- Born: Tarık Emir Tekin 15 June 1997 (age 29) Istanbul, Turkey
- Education: Oxford School of Drama
- Occupation: Actor
- Years active: 2020–present
- Height: 1.80 m (5 ft 11 in)
- Parents: Metin Tekin; Şevval Sam;
- Relatives: Leman Sam (maternal grandmother)
- Awards: 48th Golden Butterfly Awards – Shining Star (2022)

= Taro Emir Tekin =

Turkish actor

Tarık "Taro" Emir Tekin (born 15 June 1997) is a Turkish actor, known for his roles in the TV series Sadakatsiz and Bir Peri Masalı. He studied drama at the Oxford School of Drama.
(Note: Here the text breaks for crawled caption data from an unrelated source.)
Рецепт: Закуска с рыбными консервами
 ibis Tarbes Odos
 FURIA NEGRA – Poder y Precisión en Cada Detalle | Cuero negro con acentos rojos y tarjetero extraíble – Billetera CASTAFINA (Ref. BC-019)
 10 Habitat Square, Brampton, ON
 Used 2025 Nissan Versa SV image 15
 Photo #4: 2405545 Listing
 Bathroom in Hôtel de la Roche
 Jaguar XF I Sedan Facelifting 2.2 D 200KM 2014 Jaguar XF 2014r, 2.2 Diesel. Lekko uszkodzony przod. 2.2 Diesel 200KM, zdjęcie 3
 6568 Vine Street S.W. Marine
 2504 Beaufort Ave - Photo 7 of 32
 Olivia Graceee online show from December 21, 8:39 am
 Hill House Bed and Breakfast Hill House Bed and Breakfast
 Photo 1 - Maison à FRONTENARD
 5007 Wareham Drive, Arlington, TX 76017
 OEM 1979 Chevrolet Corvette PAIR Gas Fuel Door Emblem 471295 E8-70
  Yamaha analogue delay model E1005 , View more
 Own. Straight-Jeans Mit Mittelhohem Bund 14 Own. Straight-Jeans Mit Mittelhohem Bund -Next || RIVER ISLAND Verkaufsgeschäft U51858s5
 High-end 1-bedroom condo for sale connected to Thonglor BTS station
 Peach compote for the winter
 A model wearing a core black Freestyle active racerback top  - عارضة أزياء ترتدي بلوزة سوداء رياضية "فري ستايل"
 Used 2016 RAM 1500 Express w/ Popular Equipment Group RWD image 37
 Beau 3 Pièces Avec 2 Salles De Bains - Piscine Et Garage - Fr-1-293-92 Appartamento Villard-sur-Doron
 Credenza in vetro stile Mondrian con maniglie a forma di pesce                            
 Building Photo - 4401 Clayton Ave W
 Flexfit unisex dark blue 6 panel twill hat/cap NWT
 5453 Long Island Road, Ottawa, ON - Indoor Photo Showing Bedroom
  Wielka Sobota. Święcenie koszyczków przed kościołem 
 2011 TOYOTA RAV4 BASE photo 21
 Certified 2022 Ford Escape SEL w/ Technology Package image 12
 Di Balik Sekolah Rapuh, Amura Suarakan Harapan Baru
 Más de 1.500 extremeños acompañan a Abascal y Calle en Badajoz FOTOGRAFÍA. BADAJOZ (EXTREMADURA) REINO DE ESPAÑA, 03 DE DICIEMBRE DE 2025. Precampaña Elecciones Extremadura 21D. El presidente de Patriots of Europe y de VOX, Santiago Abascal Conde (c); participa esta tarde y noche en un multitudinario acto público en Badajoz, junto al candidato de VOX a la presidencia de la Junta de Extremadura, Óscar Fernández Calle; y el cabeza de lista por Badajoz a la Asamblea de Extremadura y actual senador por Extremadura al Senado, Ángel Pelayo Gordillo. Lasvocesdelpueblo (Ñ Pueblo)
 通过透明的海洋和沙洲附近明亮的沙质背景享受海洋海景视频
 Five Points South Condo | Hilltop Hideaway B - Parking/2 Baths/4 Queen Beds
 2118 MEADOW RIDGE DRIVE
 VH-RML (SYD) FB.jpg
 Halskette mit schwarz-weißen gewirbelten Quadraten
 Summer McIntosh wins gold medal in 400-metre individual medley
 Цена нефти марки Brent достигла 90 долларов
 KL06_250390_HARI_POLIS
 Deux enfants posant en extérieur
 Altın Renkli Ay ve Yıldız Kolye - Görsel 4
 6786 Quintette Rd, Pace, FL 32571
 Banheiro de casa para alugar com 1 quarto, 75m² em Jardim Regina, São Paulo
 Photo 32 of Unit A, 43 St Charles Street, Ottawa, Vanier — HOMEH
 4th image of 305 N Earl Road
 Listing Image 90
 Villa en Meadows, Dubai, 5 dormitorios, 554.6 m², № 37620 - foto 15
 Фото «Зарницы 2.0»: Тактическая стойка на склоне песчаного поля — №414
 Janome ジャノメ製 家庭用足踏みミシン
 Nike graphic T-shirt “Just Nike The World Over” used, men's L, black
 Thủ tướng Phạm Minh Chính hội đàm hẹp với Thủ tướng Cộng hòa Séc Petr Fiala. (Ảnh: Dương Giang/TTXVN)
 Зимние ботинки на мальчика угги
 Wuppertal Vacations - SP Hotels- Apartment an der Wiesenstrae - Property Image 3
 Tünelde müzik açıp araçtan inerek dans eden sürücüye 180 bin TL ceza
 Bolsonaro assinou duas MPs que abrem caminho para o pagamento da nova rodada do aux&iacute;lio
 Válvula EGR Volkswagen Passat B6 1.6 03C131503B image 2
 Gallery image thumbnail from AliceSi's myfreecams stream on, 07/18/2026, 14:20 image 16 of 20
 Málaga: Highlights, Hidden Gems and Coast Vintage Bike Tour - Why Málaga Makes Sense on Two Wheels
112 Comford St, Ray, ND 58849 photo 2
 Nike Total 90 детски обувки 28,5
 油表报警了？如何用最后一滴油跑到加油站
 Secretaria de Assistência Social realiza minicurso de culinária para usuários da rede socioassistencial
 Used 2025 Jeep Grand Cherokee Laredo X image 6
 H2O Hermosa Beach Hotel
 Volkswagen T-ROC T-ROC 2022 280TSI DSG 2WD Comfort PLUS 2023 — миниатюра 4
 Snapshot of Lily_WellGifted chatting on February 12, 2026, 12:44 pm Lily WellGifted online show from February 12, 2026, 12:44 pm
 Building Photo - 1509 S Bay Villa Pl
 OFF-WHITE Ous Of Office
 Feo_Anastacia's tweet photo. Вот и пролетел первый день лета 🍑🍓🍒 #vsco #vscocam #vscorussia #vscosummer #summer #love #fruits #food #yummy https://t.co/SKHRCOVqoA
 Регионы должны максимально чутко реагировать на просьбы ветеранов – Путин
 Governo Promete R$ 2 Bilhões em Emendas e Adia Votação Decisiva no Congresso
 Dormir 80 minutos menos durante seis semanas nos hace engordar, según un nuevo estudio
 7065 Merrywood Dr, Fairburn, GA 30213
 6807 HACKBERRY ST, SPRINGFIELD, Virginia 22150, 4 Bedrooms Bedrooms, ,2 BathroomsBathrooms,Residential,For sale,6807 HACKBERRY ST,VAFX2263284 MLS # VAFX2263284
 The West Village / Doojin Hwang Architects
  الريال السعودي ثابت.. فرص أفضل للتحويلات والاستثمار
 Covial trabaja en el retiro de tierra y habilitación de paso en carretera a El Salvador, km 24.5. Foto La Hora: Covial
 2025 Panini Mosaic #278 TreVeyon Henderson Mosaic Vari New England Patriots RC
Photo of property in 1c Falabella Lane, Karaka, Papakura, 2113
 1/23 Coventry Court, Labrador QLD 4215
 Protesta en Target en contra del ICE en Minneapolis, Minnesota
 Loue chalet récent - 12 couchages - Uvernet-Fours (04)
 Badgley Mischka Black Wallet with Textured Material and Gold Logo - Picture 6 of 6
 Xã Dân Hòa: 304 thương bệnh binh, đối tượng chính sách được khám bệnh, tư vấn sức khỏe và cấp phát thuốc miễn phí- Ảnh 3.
Tekin is the son of actress Şevval Sam and retired footballer Metin Tekin. His grandmother is singer Leman Sam.

==Life and career==
Tarık "Taro" Emir Tekin was born on 15 June 1997 in Istanbul to actress Şevval Sam and footballer Metin Tekin. After showing an interest in acting at an early age, Tekin attended the Cambridge School of Visual & Performing Arts and continued his studies at University of the Arts London. He then took courses in acting at the Royal Academy of Dramatic Art and studied at the Oxford School of Drama. After living in England for a period of time, he returned to Turkey where he started his acting career. He made his acting debut in 2020 with a role on Netflix's historical docudrama Rise of Empires: Ottoman and later appeared on BluTV's streaming series Çıplak as Bulut. In the same year he rose to prominence after appearing on Kanal D's series Sadakatsiz, in which he portrayed the character of Selçuk Dağcı. In 2022, he appeared in a leading role in the series Bir Peri Masalı, playing the role of Onur Köksal.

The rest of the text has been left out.